◆ **Assignment**
Take the lines from the one containing "Gallery image thumbnail" through the end of the material and write them out exactly, omitting pictures.

========================================================================

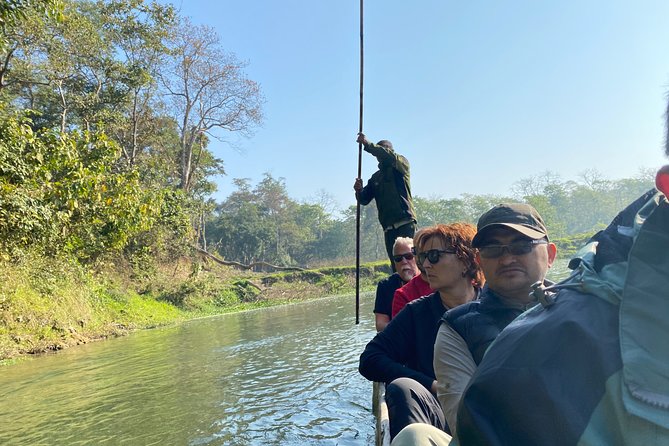 Canoeing and Nature Walk in Chitwan National Park - Booking, weather, and timing advice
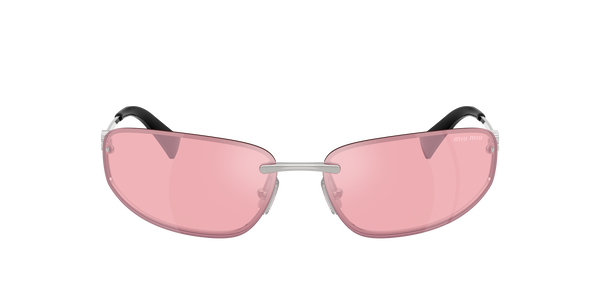 MIUMIU-A50S/S 1BC70J SILVER (PINK MIRROR 69*15, Plata, hi-res 1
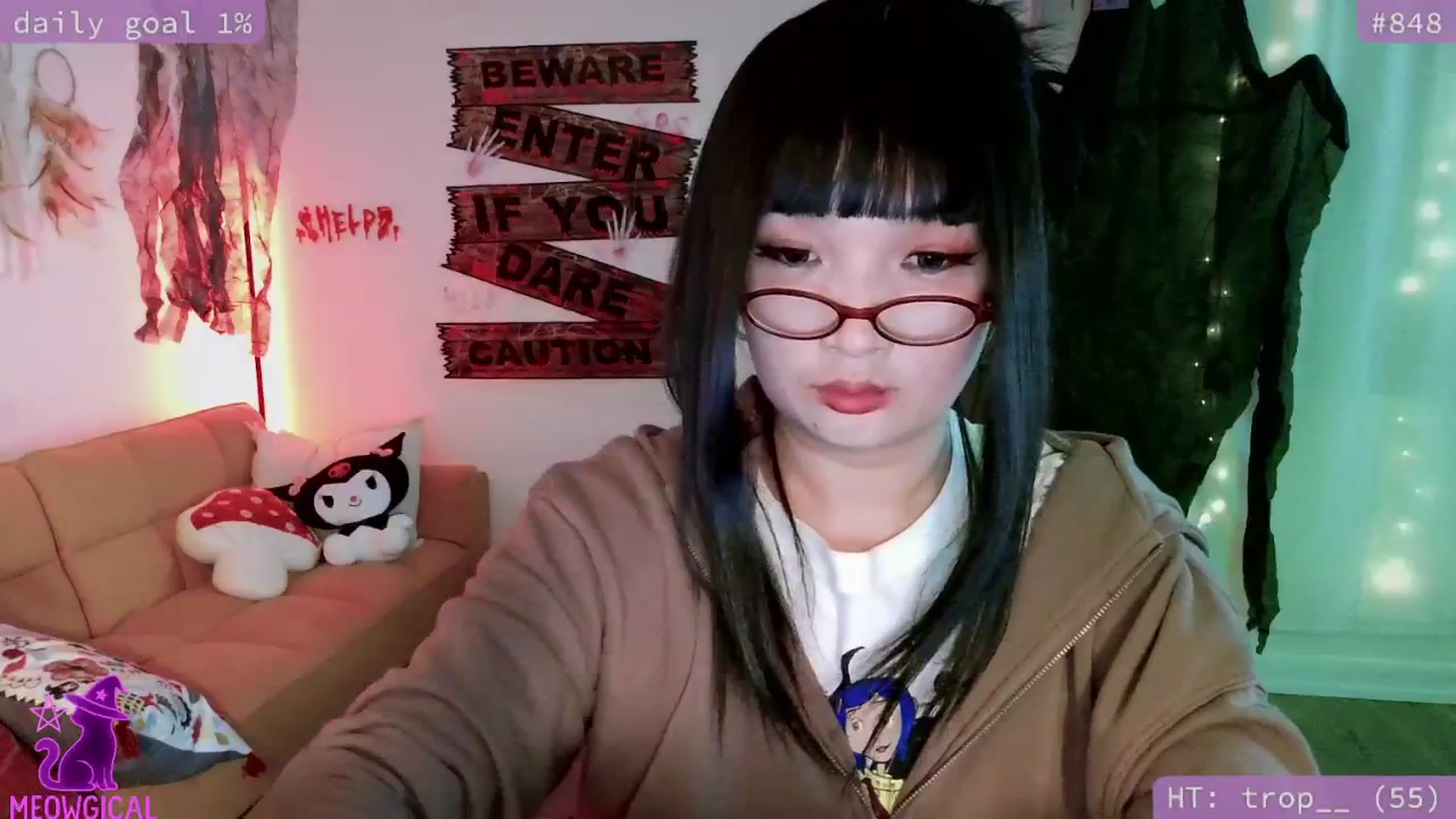 Gallery image thumbnail from meowgical's myfreecams stream on, 10/15/2025, 24:31 image 15 of 20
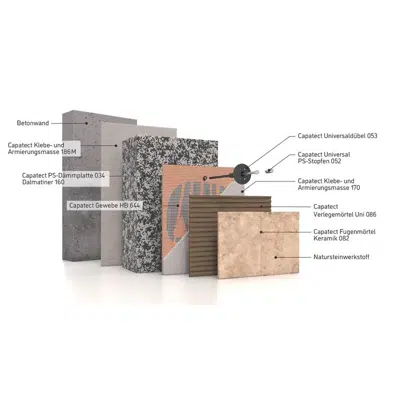 Image for Capatect DESIGN NATURSTEIN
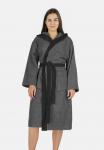 Халат TWO TONE Normani, серый - фото 3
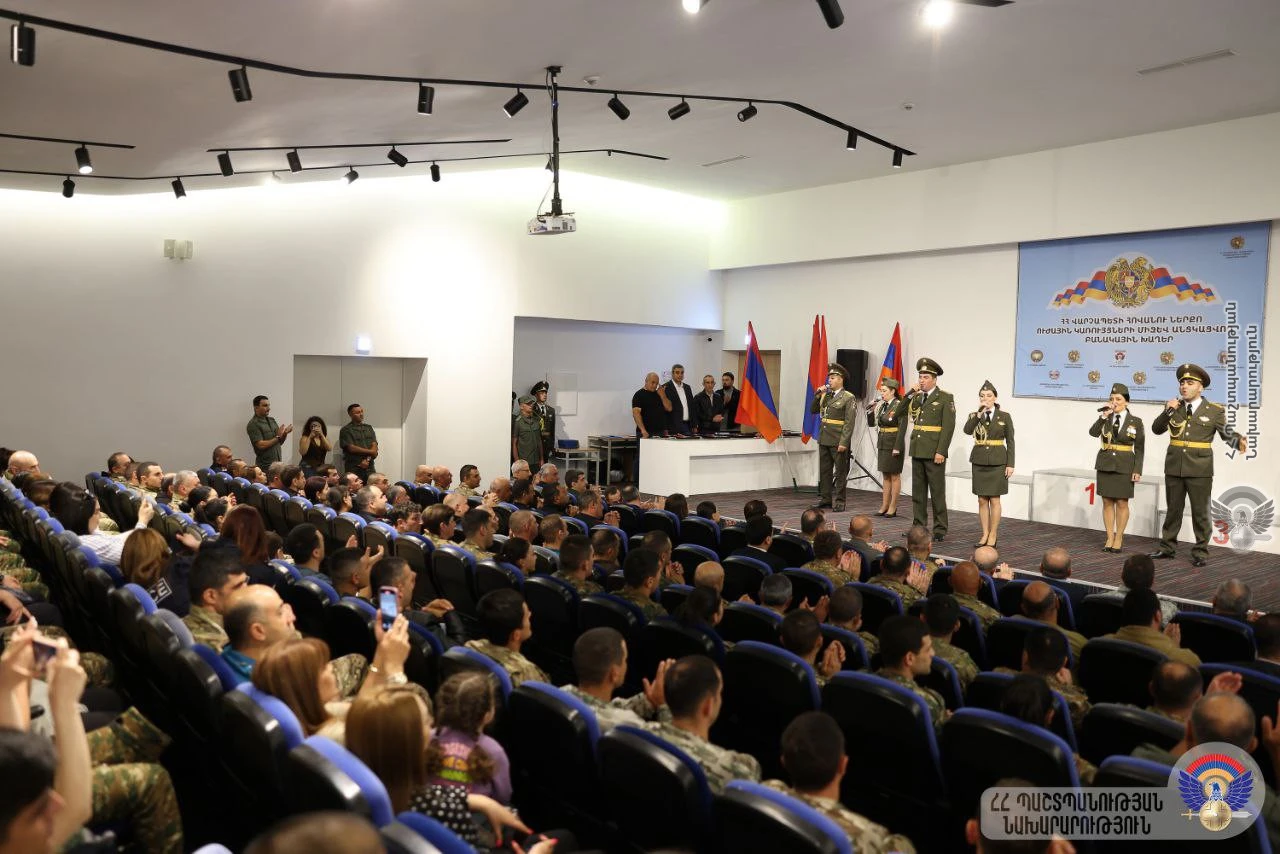 🎥 Ավարտվել են Հայաստանի Հանրապետության վարչապետի հովանու նե...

========================================================================

◆ **Result of the task**
 Gallery image thumbnail from meowgical's myfreecams stream on, 10/15/2025, 24:31 image 15 of 20
 Image for Capatect DESIGN NATURSTEIN
 Халат TWO TONE Normani, серый - фото 3
 🎥 Ավարտվել են Հայաստանի Հանրապետության վարչապետի հովանու նե...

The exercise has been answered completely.